Шрифт:
Интервал:
Закладка:
— То есть эпитеты не перевести, в силу специфики языковой, на иностранные языки. У них просто нет такого богатого запаса…
— Весь мир слушает Бьорк и не обламывается оттого, что не понимает, о чем она воет.
— Ты английский–то знаешь?
— Слава Богу, на таком бытовом уровне.
— А не хочешь выучить в совершенстве немецкий?
— Чтобы Гессе в подлиннике прочитать?
— Или там, например, испанский. Мне говорили «Выучи испанский, чтобы потом поехать отдыхать в Испанию».
— Меня интересует гораздо больше русский язык, нежели в любом случае плохой иностранный.
— Почему плохой?
— Потому что невозможно стать носителем языка. Даже если ты начинаешь его учить, ты все равно не носитель, никогда ты не поймешь его нюансов. Если ты не Бродский, конечно. Я не Бродский.
— Самые интересные книжки, песни, я считаю, они про обычную жизнь Вася, Петя утром идут на завод и т. д., такая бытовая сторона жизни. Но обычно люди этого не понимают. Они хотят жить в коттеджах, быть богатыми, машина и все такое. Они не понимают ценности того, что они обычные, как все. Не понимают, что прелесть в том, что они так обычно живут, что у них там картошка каждый день на обед. Почему Симпсоны популярны? Потому что они такие же придурки, как и все. Простая семья, как три рубля.
— Понимаешь, в обычной жизни тоже есть, наверное, какие–то свои проблемы, своя духовная борьба, которая не так на поверхности лежит.

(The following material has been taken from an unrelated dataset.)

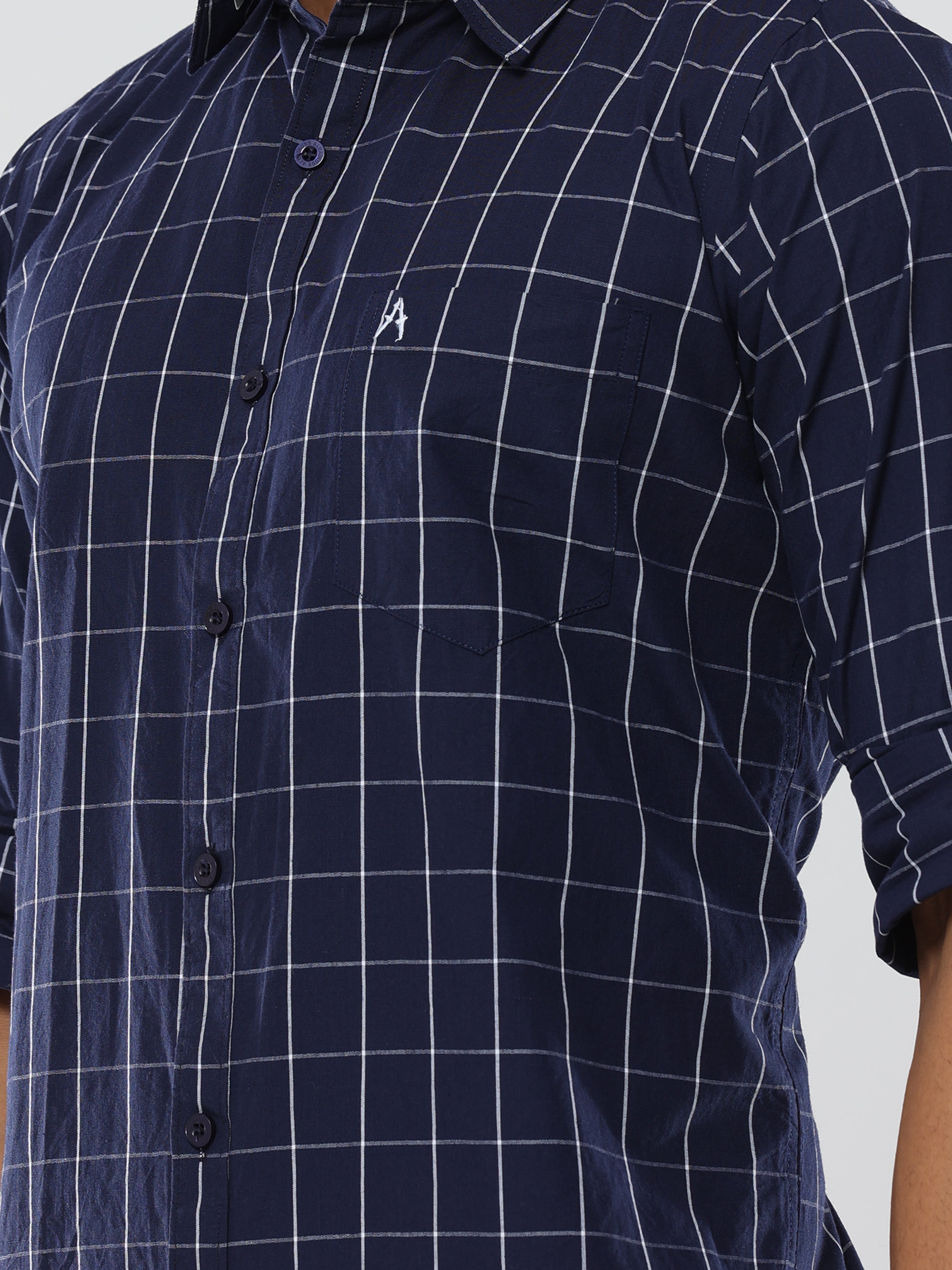 Blue-white Graph Checks premium Cotton shirt for men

Наверное, у кого–то, накопить побольше денег и купить коттедж — это составляет основную цель жизни, и эту точку зрения тоже надо уважать. Ну, для искусства, конечно, такие люди представляют меньший интерес, чем такие фактурные, но в них тоже что–то можно найти, я уверен.

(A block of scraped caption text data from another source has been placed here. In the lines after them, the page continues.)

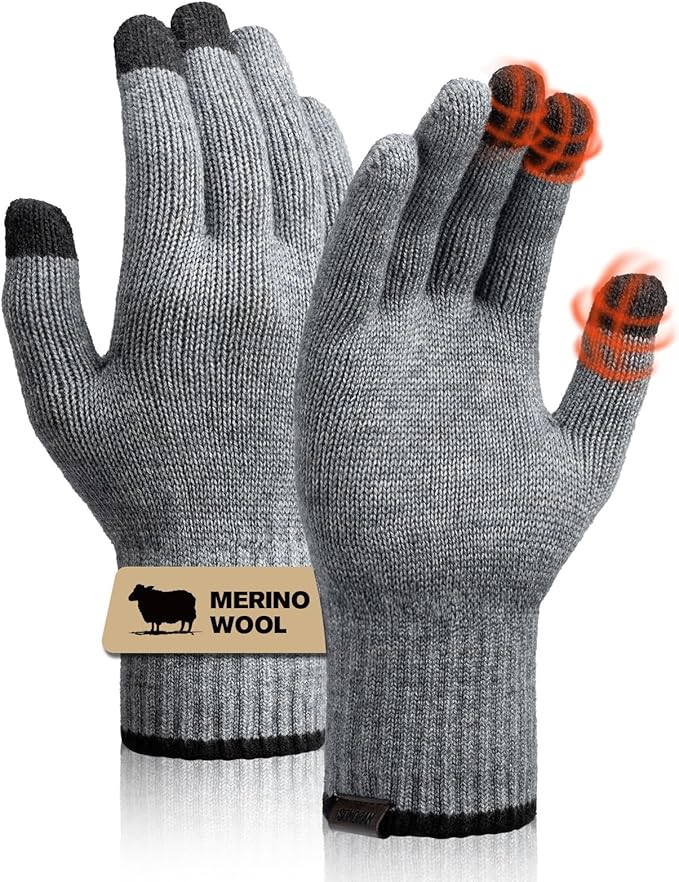 Merino Wool Gloves for Women Men, Touch Screen Warm Glove Liners Thermal Soft Knit Lining for Winter Running Hiking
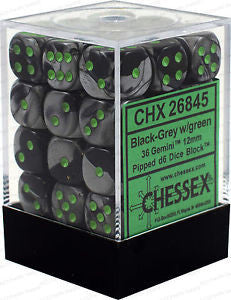 Chessex D6 Gemini 12mm d6 Black-Grey/green Dice Block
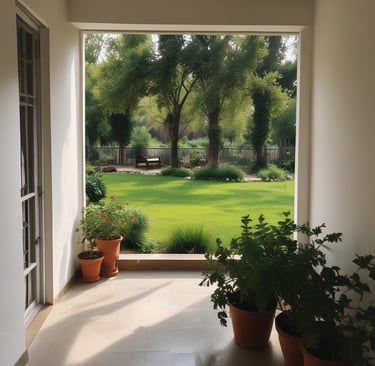An elderly person wearing an orange robe stands facing a man seated in a dark entrance. A large dog sits nearby, looking towards the viewer. The setting is rustic, with a wooden structure in the background and shelves holding clay pots.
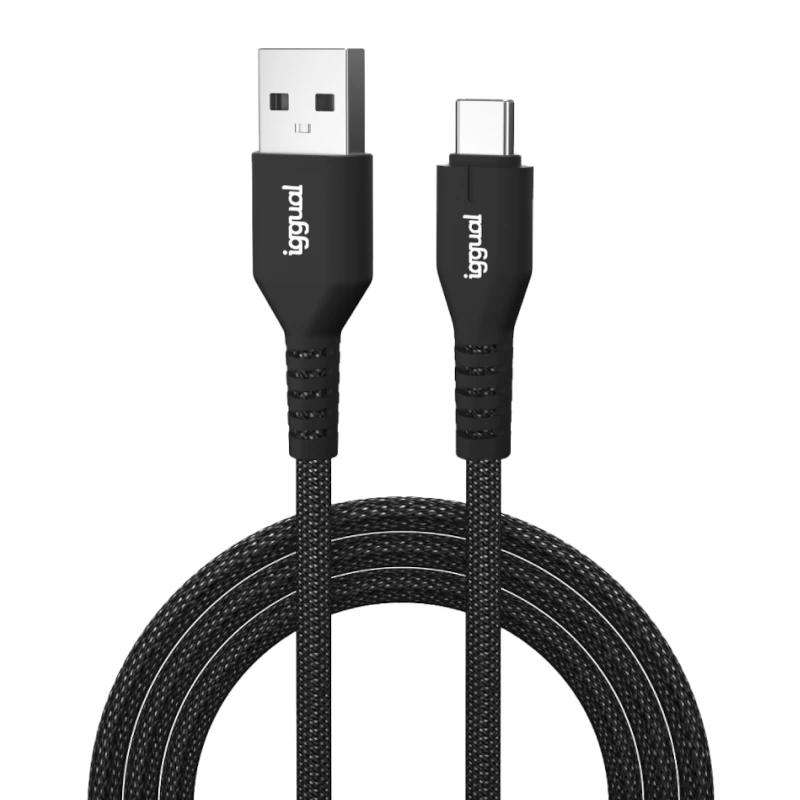iggual IGG319888 cabo USB 1 m USB A USB C Preto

— А детство какое у тебя было? Примерный был или двоечник, хулиган, курил с первого класса?
— Все синусоидами, когда как. В восьмом классе я практически не посещал школу, хотя шестой закончил без троек.
— Что–то случилось в седьмом?
— Не помню, что случилось. Седьмого класса не помню, как–то не отразился. Как раз в шестом классе, по–моему, я стал заниматься легкой атлетикой, как–то весь ушел в спорт. И в седьмом, восьмом школа была для меня каким–то очень странным местом.
— Ты занимался спортом или по подворотням шлялся, курил, пил?
— Знаешь, у нас была такая компания в школе олимпийского резерва «Буревестник», которая удачно это все совмещала и по подворотням пошляться, и в сборную Ленинграда попасть.
— Детство удалось — пошлялись, попьянствовали в тринадцать–четырнадцать лет…
— Нет, в тринадцать я еще не пил. В четырнадцать, может быть, но это не назовешь пьянством, потому что с бухлом была напряженка жуткая, а коробок анаши стоил три рубля. Тут выбора не было, и нам пришлось курить. И десятый класс я вообще не помню, наверное, он прошел в таком…
— Ты этим гордишься, что было так интересно — курил в десятом классе?
— Мало кого сейчас этим удивишь. Кто сейчас в десятом классе не курит?
— Сейчас, наверное, все курят, но, когда я училась, у нас был такой примерный класс. До одиннадцатого класса ничего не нюхали, не пили. У меня такое детство получилось неконфликтное.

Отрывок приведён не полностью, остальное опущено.